« On ne parle pas assez de nous. On commence juste à émerger », martèle Stéphanie Bottreau. C’est la raison qui a poussé cette cheffe itinérante dans le vignoble à lancer son podcast « Des Elles en Cuisine », dans lequel elle a interviewé des femmes cheffes, vigneronnes, artisanes, pâtissières, mais aussi blogueuses ou productrices. « Elles sont tellement inspirantes », soutient-elle.
Où sont les femmes ?
« C’est parfois compliqué de trouver sa place en cuisine », confirme Élodie Pichard, cheffe du restaurant Côté Zinc sur la rive droite de Bordeaux. « Il faut être féminine et solide à la fois. Je pense que si je n’avais pas eu un caractère assez fort, je n’aurais pas trouvé ma place. » Elle qui a passé de nombreuses années dans plusieurs restaurants girondins n’a côtoyé que peu, voire pas, de femmes dans les différentes brigades : « Il faut se faire respecter sans agressivité ».

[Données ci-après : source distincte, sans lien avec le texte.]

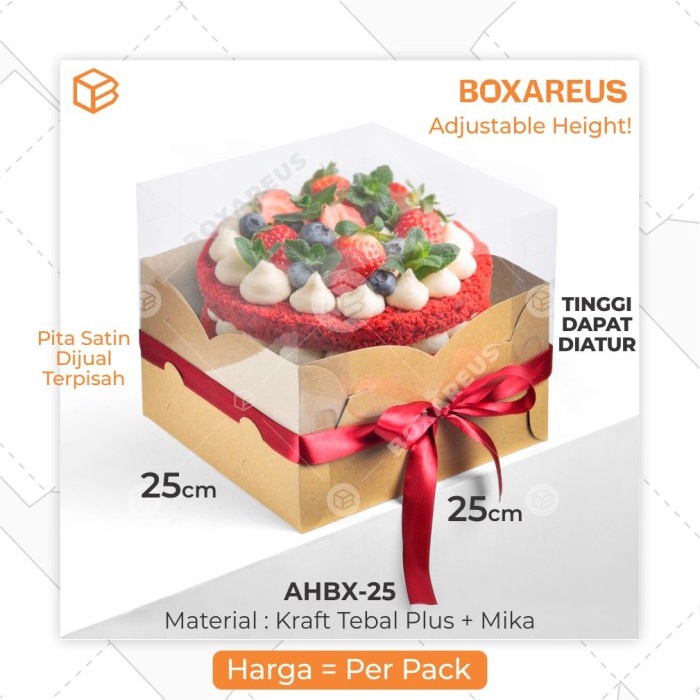 Box Mika Dus Kue Atur Tinggi Kemasan Cake Packaging | AHBX 25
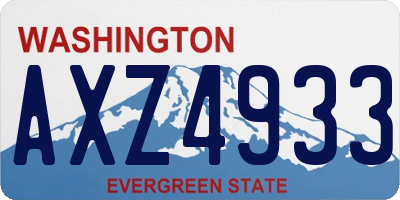 WA license plate AXZ4933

L’image de la femme fragile a, semble-t-il, la peau dure. « C’est en train de changer mais c’est vrai qu’il y a toujours des idées préconçues, continue Stéphanie Bottreau, et puis il y a le problème de la disponibilité. » Travailler en cuisine est parfois difficilement compatible avec une vie de famille. Plusieurs travaillent en couple, à l’instar d’Adeline et Marc Antoine Lepage, qui ont créé la Maison Nacre à Arès, et qui ont décroché leur première étoile.
Remplir la case « cheffe »
Intégrer les cercles de chefs est aussi compliqué : « J’aimerais que l’on me propose de participer aux grands rassemblements de chefs. J’essaie pourtant de représenter la gastronomie bordelaise », regrette Oxana Cretu, cheffe du restaurant Inima dans le centre de Bordeaux. Pour autant les femmes cheffes ne sont pas là pour parader. Oxana Cretu comme Élodie Pichard se sont déjà senties utilisées pour remplir la case « cheffe » dans certains collectifs ou rassemblements : « Je ne veux pas être stigmatisée en tant que femme, je suis cuisinière avant tout ! », insiste Élodie Pichard.
Pour autant, existe-t-il une cuisine féminine ? Oxana Cretu confirme une certaine féminité dans sa cuisine : « Il ne faut pas mal l’interpréter, sourit-elle, ma perception de la cuisine est différente de celle de certains chefs qui est très marquée, avec des goûts forts ».
Une impression confirmée par Élodie Pichard : « Certaines femmes font vraiment une cuisine très féminine, fine, colorée, avec des fleurs. Même moi qui suis plus brut de pomme, j’aime faire des tartares bien nets. Ils sont différents de ceux qu’on trouve en brasserie ».